15 July 2014 – On 9 April 2014, the European Commission issued a legislative proposal amending the Shareholders Rights Directive (SRD) of 2007. ECSDA looks at the expected impact of the proposal on central securities depositories (CSDs), and highlights some issues for consideration by the European legislator.
To what extent will the revised Shareholder Rights Directive apply to CSDs?
CSDs, like other actors in the securities processing chain, have an important role to play in enhancing shareholder transparency and facilitating the exercise of shareholder rights, especially in cross-border situations. In fact, the obligations imposed on “intermediaries” under Chapter IA of the SRD Proposal will in some cases be relevant for CSDs, especially those CSDs providing shareholder identification services.

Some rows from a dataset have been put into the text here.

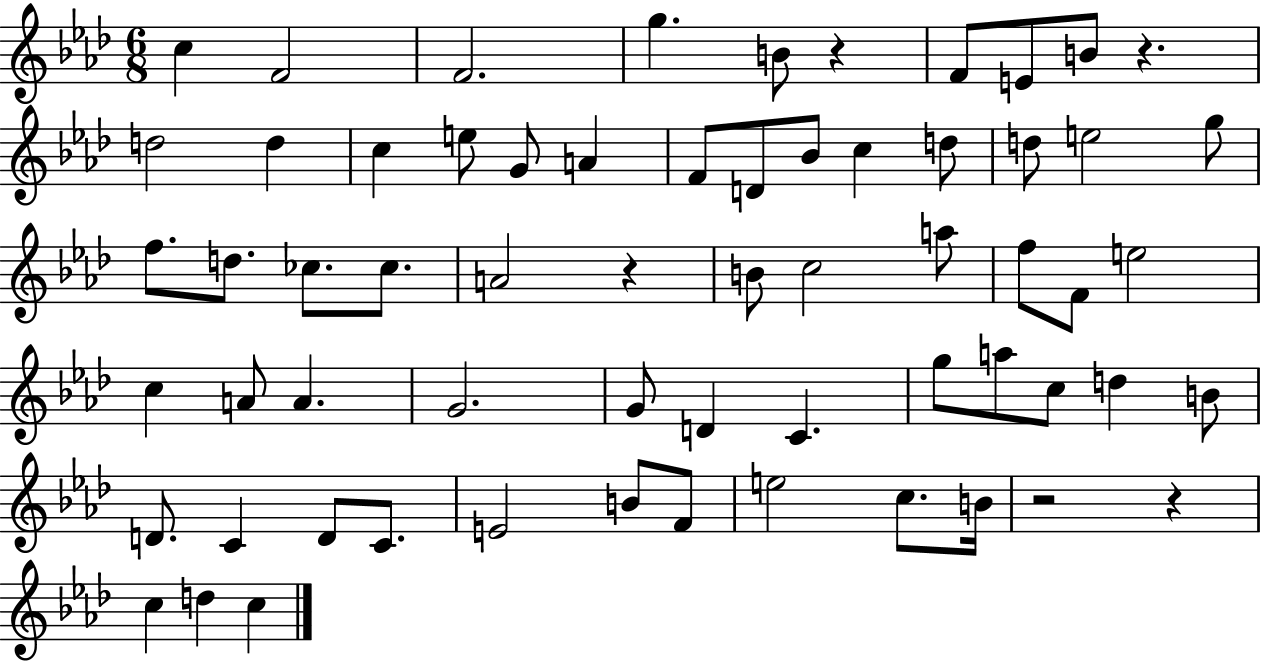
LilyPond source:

{
  \clef treble
  \numericTimeSignature
  \time 6/8
  \key aes \major
  c''4 f'2 | f'2. | g''4. b'8 r4 | f'8 e'8 b'8 r4. | \break d''2 d''4 | c''4 e''8 g'8 a'4 | f'8 d'8 bes'8 c''4 d''8 | d''8 e''2 g''8 | \break f''8. d''8. ces''8. ces''8. | a'2 r4 | b'8 c''2 a''8 | f''8 f'8 e''2 | \break c''4 a'8 a'4. | g'2. | g'8 d'4 c'4. | g''8 a''8 c''8 d''4 b'8 | \break d'8. c'4 d'8 c'8. | e'2 b'8 f'8 | e''2 c''8. b'16 | r2 r4 | \break c''4 d''4 c''4 | \bar "|."
}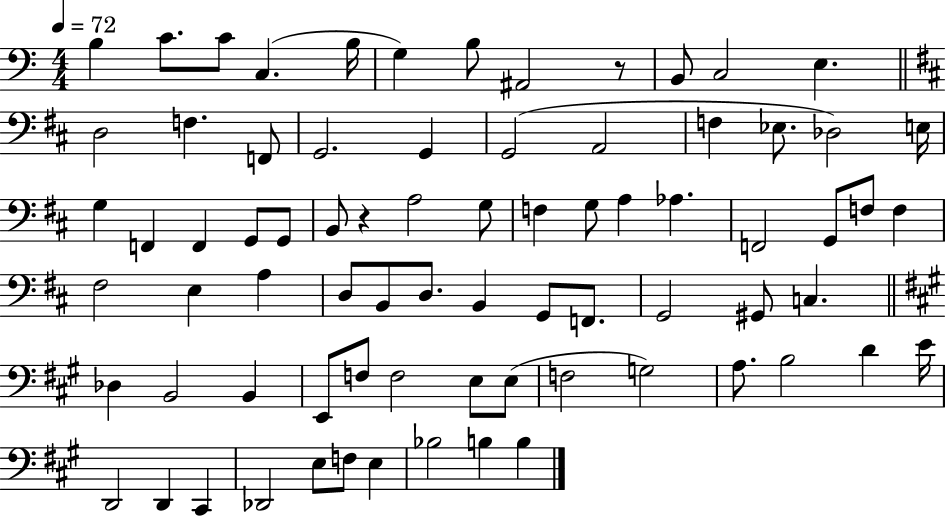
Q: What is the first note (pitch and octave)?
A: B3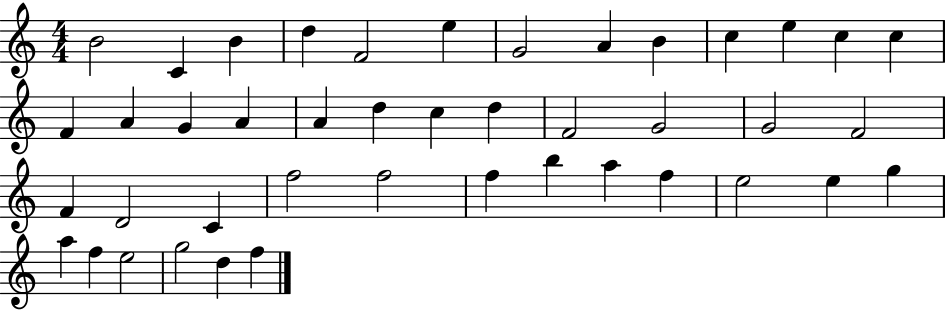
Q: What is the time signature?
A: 4/4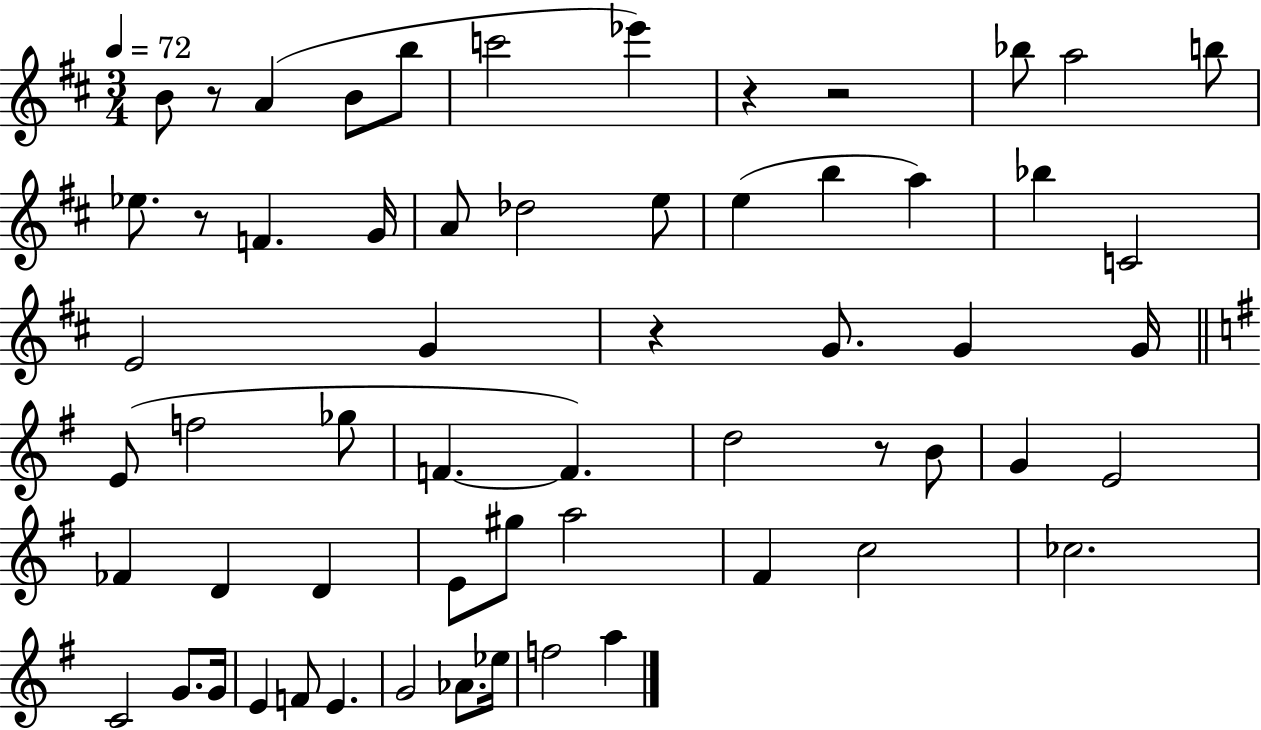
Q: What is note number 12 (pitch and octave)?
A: G4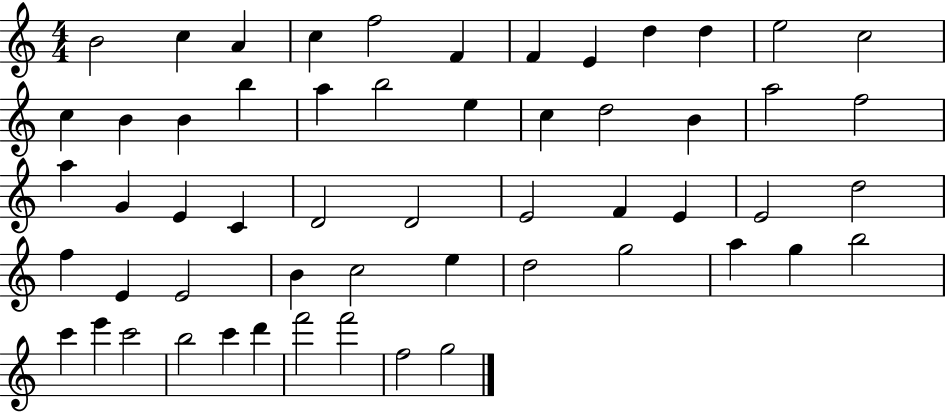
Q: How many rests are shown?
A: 0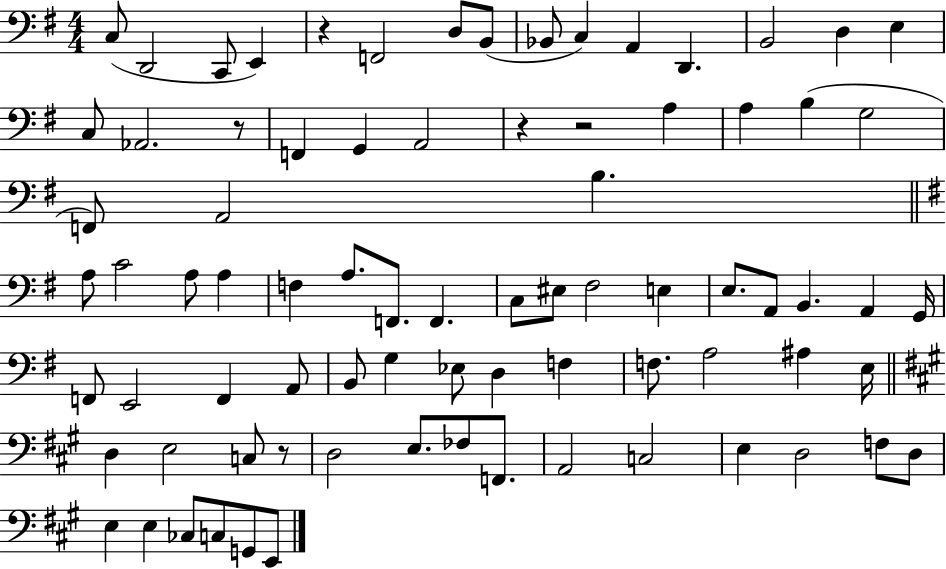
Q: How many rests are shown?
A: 5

That said, due attention must be paid to the special characteristics of CSDs, and some clarifications might be needed as regards the applicability of the SRD requirements to CSDs.
- Why is CSDs’ role unique in relation to shareholder transparency?

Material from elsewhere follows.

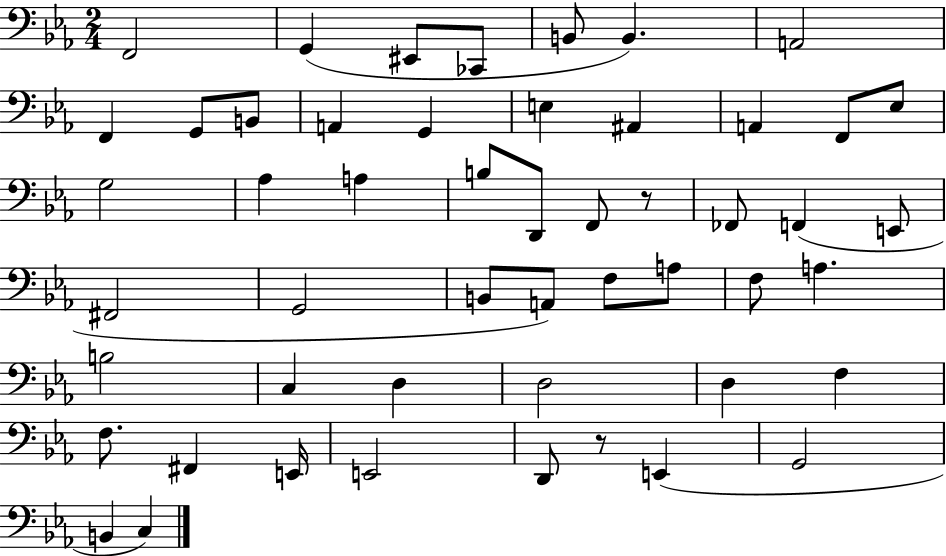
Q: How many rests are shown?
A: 2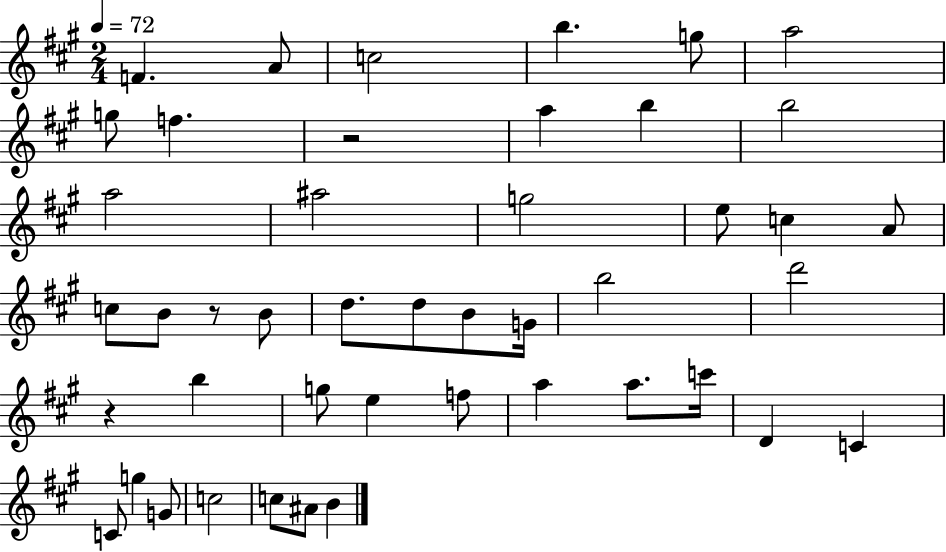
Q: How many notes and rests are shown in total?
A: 45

CSDs are financial market infrastructures which act as the first entry point for newly issued securities, including company shares. They record the initial deposit of securities by an issuer and subsequently allow investors to deliver these securities against cash, i.e. to settle transactions in these securities. CSDs also maintain securities accounts at the top tier level of the holding chain.
The ECSDA paper analyses individual articles of the draft directive from a CSD perspective and explains some CSD specificities that should be taken into account during the legislative process and/or during transposition into national law. Our objective is to ensure that CSDs can continue to contribute to well-functioning and efficient shareholder identification processes in the EU.